The head typically comprises a slider that includes an air bearing surface (ABS) that faces the magnetic disk surface, a trailing face, and a back face that is opposite the ABS and that faces away from the ABS. A magnetic sensor and a plurality of head bond pads are typically disposed on the trailing face of the slider. Conventionally, the back face of the slider is typically permanently bonded to a tongue portion of the fragile laminated flexure by an adhesive, in a position such that the plurality of head bond pads are aligned with corresponding bond pads on the laminated flexure.
However, market demand for disk drives with higher areal data density has motivated development of conventional fine actuators to produce relative motion between the flexure tongue and the head. Such conventional fine actuators are intended to desirably enable the head to read and write with smaller spacing between data tracks written on the disk. But the actual relative motion between the flexure tongue and the head produced by such fine actuators may be hindered or limited by conventional flexure designs, which may not be compliant enough to allow such relative motion without unacceptably high force, torque, and/or stress.
For example, in some cases, a conventional flexure may have acceptable compliance until its flexure bond pads are bonded to the head, after which the conventional flexure presents unacceptably high stiffness to the fine actuator. Hence, there is a need in the art for a flexure design that is compliant enough (after bonding of the flexure bond pads) to allow a conventional fine actuator to produce relative motion between the flexure tongue and the head, with increased stroke and/or reduced force, torque, or stress.

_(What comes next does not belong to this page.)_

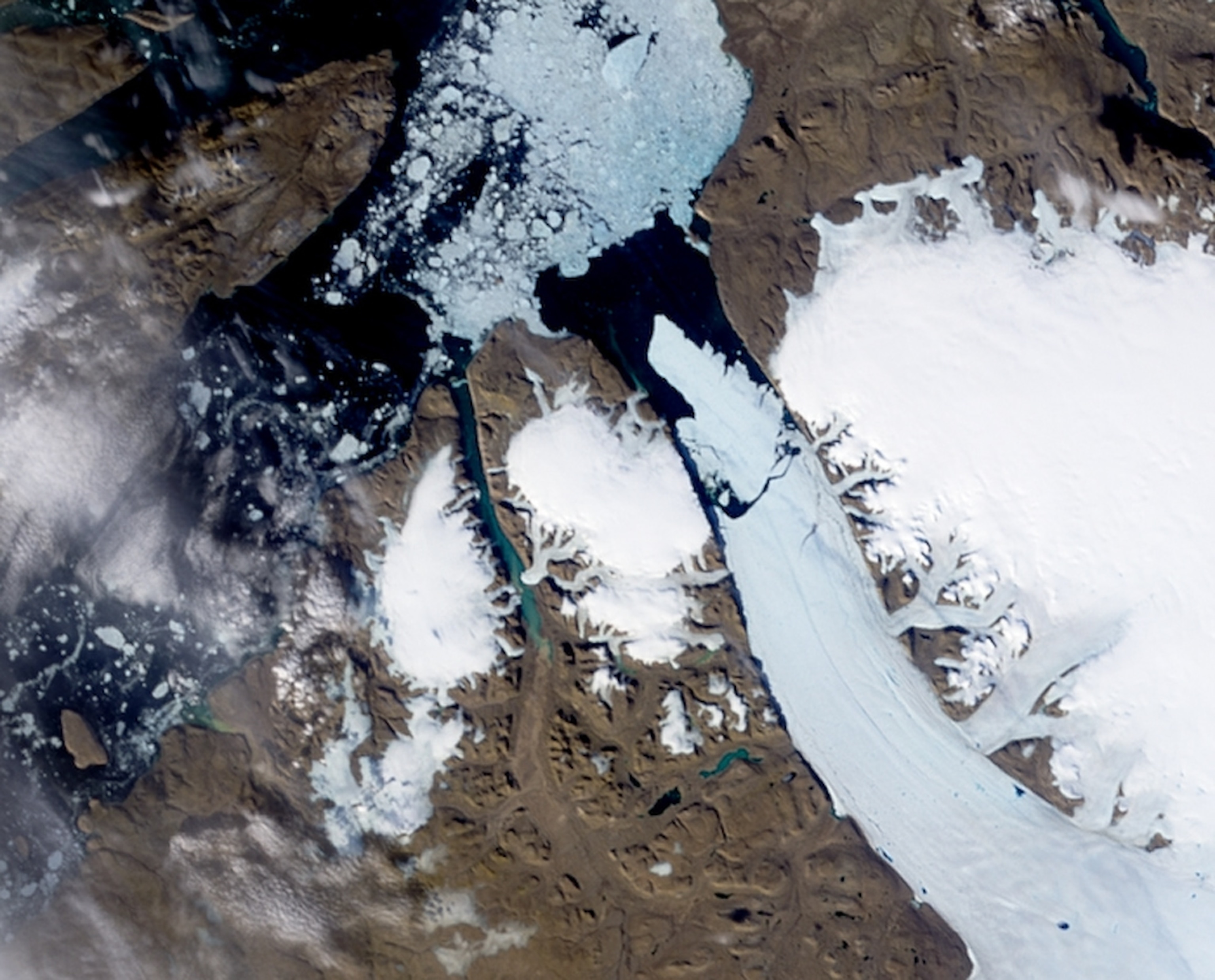 A picture of the Petermann glacier breaking up on August 5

BRIEF DESCRIPTION OF THE DRAWINGS
FIG. 1 is a perspective view of a disk drive capable of including an embodiment of the present invention.
FIG. 2 depicts a head gimbal assembly (HGA), according to an embodiment of the present invention.

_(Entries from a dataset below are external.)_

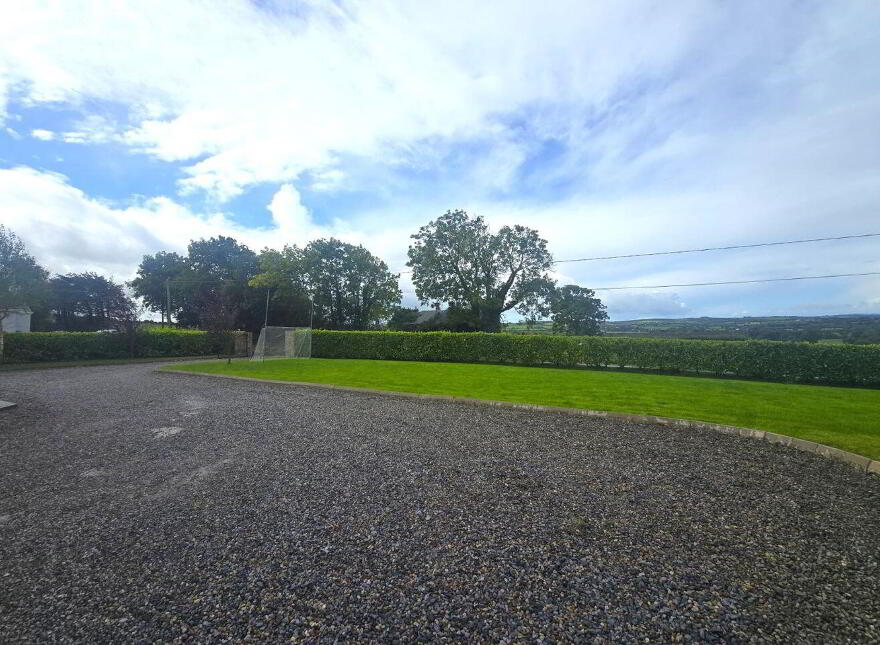 Teeveeny, Dromina, P56E189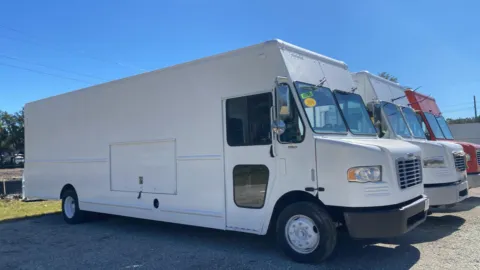 White 2017 Freightliner MT55 Chassis for sale in Sanford, FL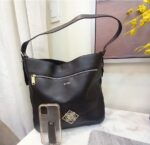 شنطة فرزاتشي VERSACE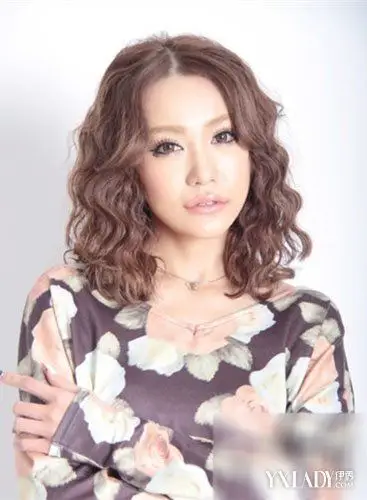 女生电发发型蓬松设计显个性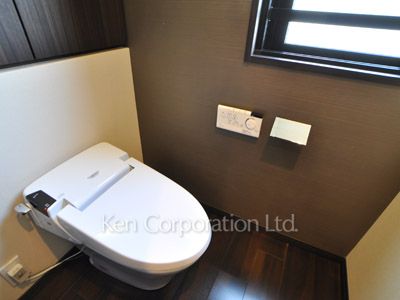 Lavatory ※Photo of the same layout on 4 floor. Decoration and fixture may differ.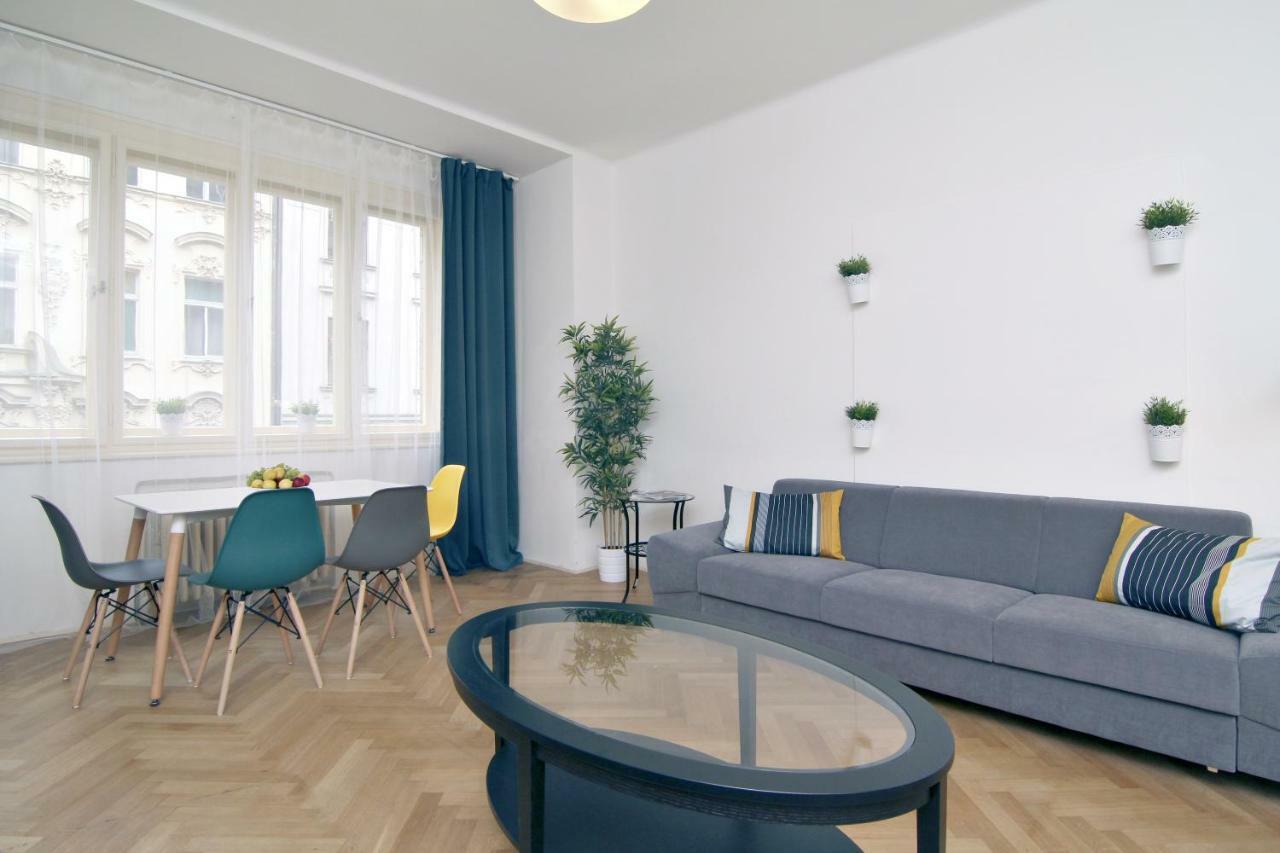 Apartment With 2 Bathrooms Prague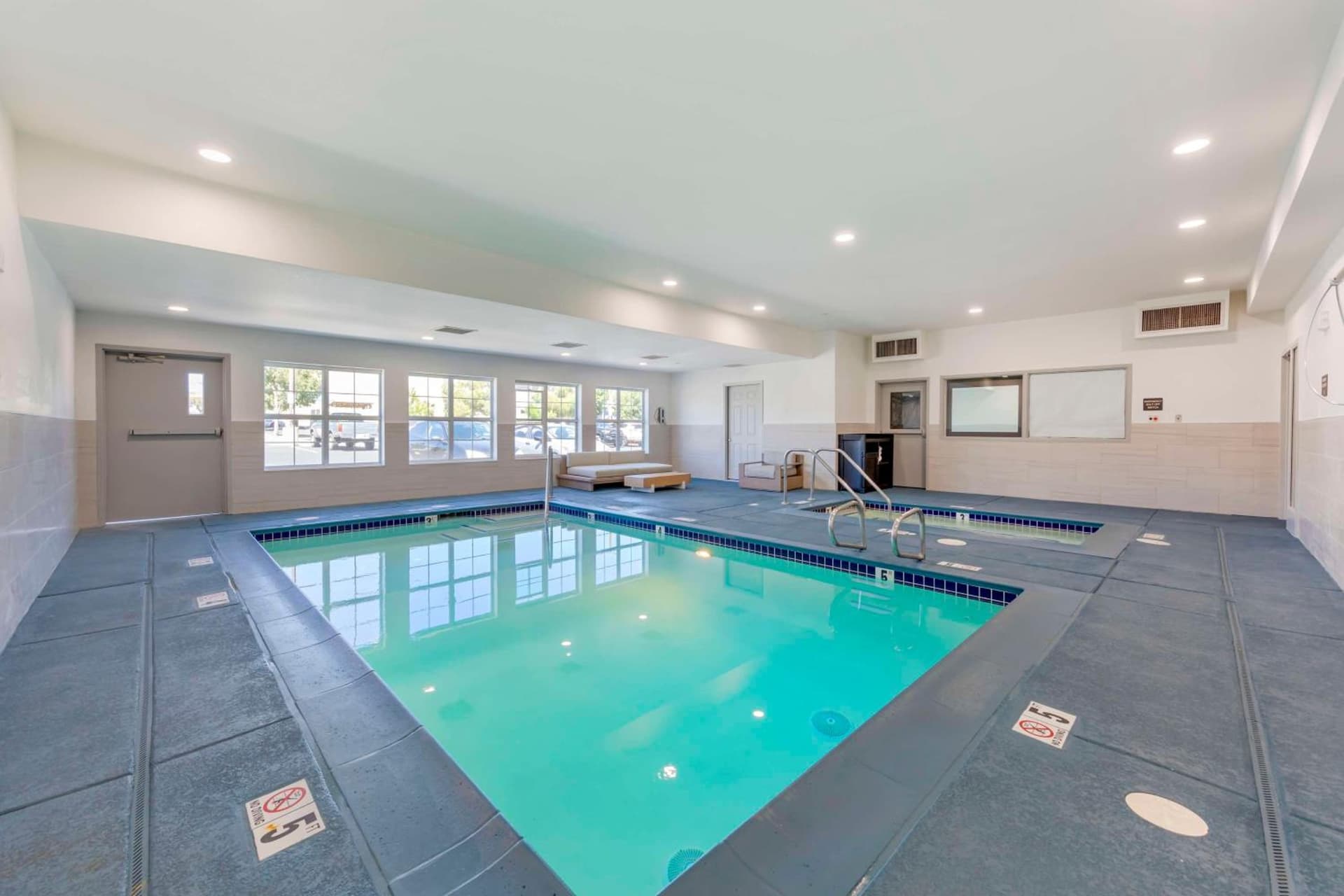 Executive Residency by Best Western Victorville gallery photo in Victorville, CA — image 11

FIG. 3A is a perspective view of a distal portion of a HGA, according to an embodiment of the present invention.
FIG. 3B is a cut-away perspective view of the distal portion of FIG. 3A.

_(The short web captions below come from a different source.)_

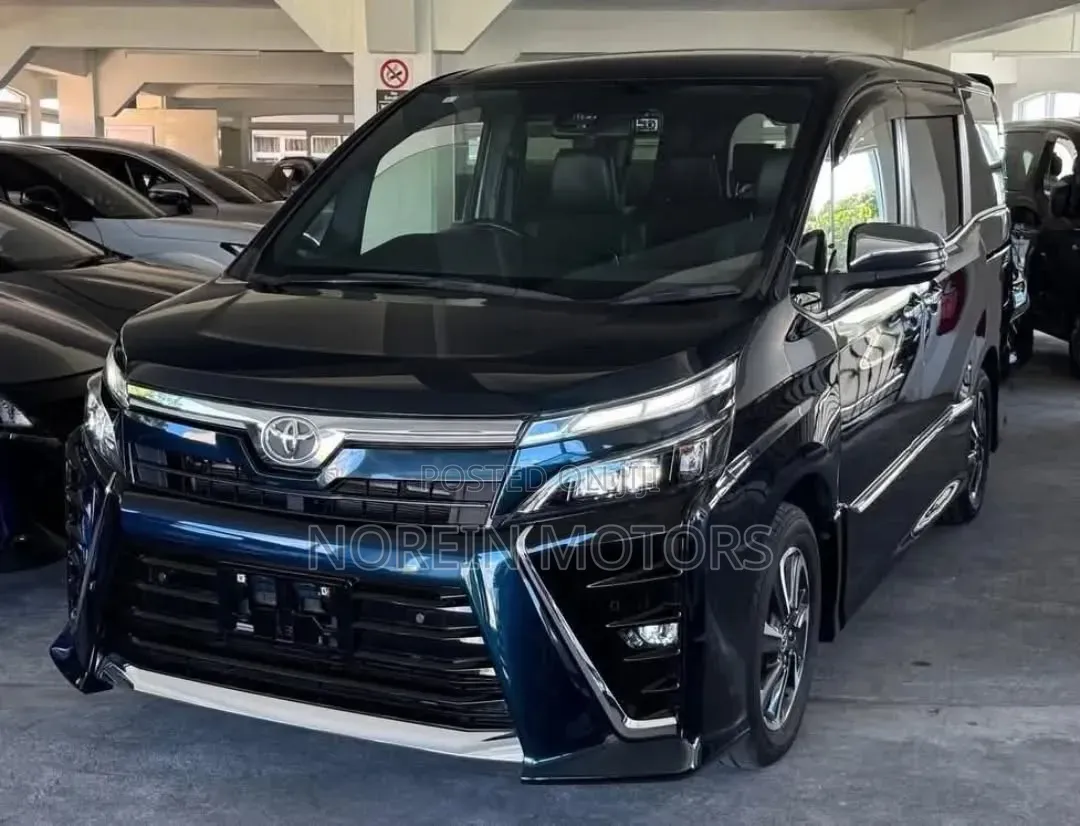Toyota Noah 2020 Blue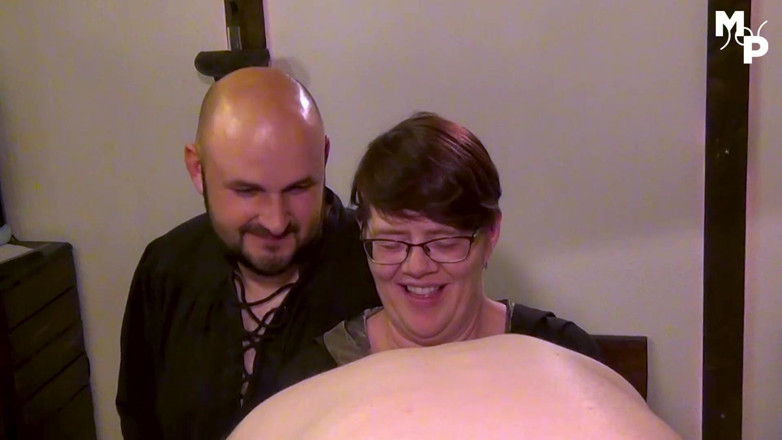 Schwester Sandra: Mistress Sandra and Marcus Pollack fisting their bi-slave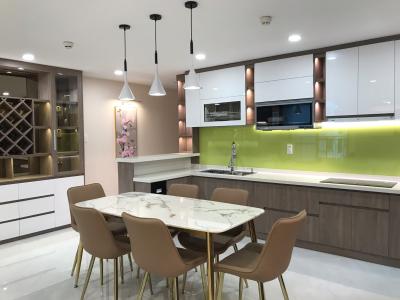 Phòng bếp  căn hộ Saigon South Residence Căn hộ thô tầng cao Saigon South Residence, view nội khu.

FIG. 4A is a cut-away perspective view of a distal portion of a HGA, according to another embodiment of the present invention.
FIG. 4B is another cut-away perspective view of the distal portion of FIG. 4A.
DESCRIPTION OF EXAMPLE EMBODIMENTS
FIG. 1 is a perspective view of a disk drive 100 capable of including an embodiment of the present invention. The disk drive 100 includes a disk drive base 102, and a disk 104 rotably mounted to the disk drive base 102 by a spindle motor 106. The disk drive 100 optionally includes a second disk 108, also rotably mounted to the disk drive base 102 by spindle motor 106. The disks 104, 108 may comprise a conventional aluminum, glass, or ceramic substrate, with the substrate being coated with a NiP under-layer, a thin-film magnetic layer, a diamond-like amorphous carbon protective layer, and a very thin lubricant layer. Co-rotation of the disks 104, 108 can induce air flow through a recirculation filter 134 that may reduce particulate contamination of the surfaces of the disks 104, 108.
The disk drive 100 also includes an actuator 110 that is rotably mounted to the disk drive base 102 by a pivot bearing 112 that is inserted as a cartridge into a bore in the actuator 110. The actuator 110 may be fabricated from aluminum, magnesium, beryllium, or stainless steel, for example. The pivot bearing 112 may be retained in the bore by a conventional tolerance ring, or may be otherwise retained (e.g. by an adhesive). The angular range of motion of the actuator 110 may be limited by a latch and crash stop mechanism 132. The actuator 110 includes at least one actuator arm 120 that extends away from the pivot bearing 112, and an actuator coil 122 that extends away from the pivot bearing 112 in a direction generally opposite the actuator arm 120. A portion of the actuator coil 122 is obscured behind a top plate 130 of a yoke structure of a voice coil motor (VCM) in the view of FIG. 1.
The top plate 130 may support an upper permanent magnet of the VCM, and may be disposed over a bottom plate (not shown because obscured by the top plate 130 in the view of FIG. 1) that may support a lower permanent magnet of the VCM. The top plate 130 and/or the bottom plate form a yoke and preferably comprise a ferromagnetic metal so as to provide a return path for magnetic flux from the permanent magnet(s). The ferromagnetic metal yoke structure including the top plate 130 is preferably affixed to the disk drive base 102, for example by an adhesive, one or more fasteners, and/or magnetic attraction.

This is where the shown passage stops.